Moses makes a curious argument in the first reading today by enjoining the people to pledge themselves to the one, true God. Moses appeals to God’s singularity: not just that God is “one,” but that God is unique. What Israel’s God does, no other god can do. Their God not only made the world but makes history with every act of divine will – from the creation of everything out of nothing right down to His will for each of us to come into being.

We’re with Moses on this one. Our God is a singular God whose signature act, from the Christian perspective, is not the creation or even the resurrection but the Incarnation: the Word Made Flesh, God becoming one of us so that we might share in His divinity. That is why we bow at our profession of faith in the Incarnation while reciting the creed. Without the Incarnation our salvation would have been impossible. And our Eucharist is an invitation to that shared life with God. The indwelling Spirit is one more sign of that incorporation. God is in us by virtue of the infusion of God’s own life through the gift of sanctifying grace in Baptism, and we are in God if we love God and neighbor with the same divine love that first loved us. We believe this. Fervently we believe this. And, we doubt this. Routinely we doubt the existence of God, the Trinitarian formula, the Real Presence of Christ in the Eucharist, and so on. And so, we live in the comic style of the Keystone Cops, thwarting ourselves at every turn, running in circles between the altar and the confessional, between giving thanks to God for His blessings and giving an account of our sorry selves who forgot that we love God first and neighbor second every time we commit a self-indulgent offense against God or neighbor.

It’s ironic to consider on the solemnity of the Trinity that God is a perfectly integrated One-in-Three when we can barely keep our singular selves together in one place for a quarter of an hour because we have been trained to live our lives in seven-minute segments marked by commercials for self-indulgence. The integrity of the divine will is mutually shared by Father, Son, and Spirit. The human will of a single individual is like a Jackson Pollack painting: a little here, a little there, and a spit in the middle until it’s a dense tangle of conflict masquerading as harmony.

Jesus hands over the Great Commission in one smooth sentence: “Go, make disciples, baptize, and teach.” We’d like to think the Apostles might have been finished with their doubting when they received this huge lump of responsibility, but chances are they weren’t. So now they carry the double burden of presenting the gospel to the whole world and having private reservations about the whole experience.

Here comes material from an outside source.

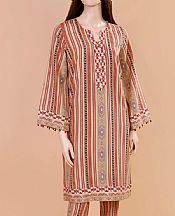Ivory/Red Khaddar Suit (2 Pcs)- Pakistani Winter Dress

Thankfully, Jesus doesn’t just hand off the mission. He also adds one much appreciated final clause: “And behold, I am with you always.” Jesus knows that our divided nature is not going to go away. We’ll keep on dragging our doubts into our worship like Bob Marley’s chains in the Charles Dickens classic Christmas tale. But happily, the reverse is true, and we can take divine comfort in knowing that wherever doubt takes us, our faith won’t be far behind.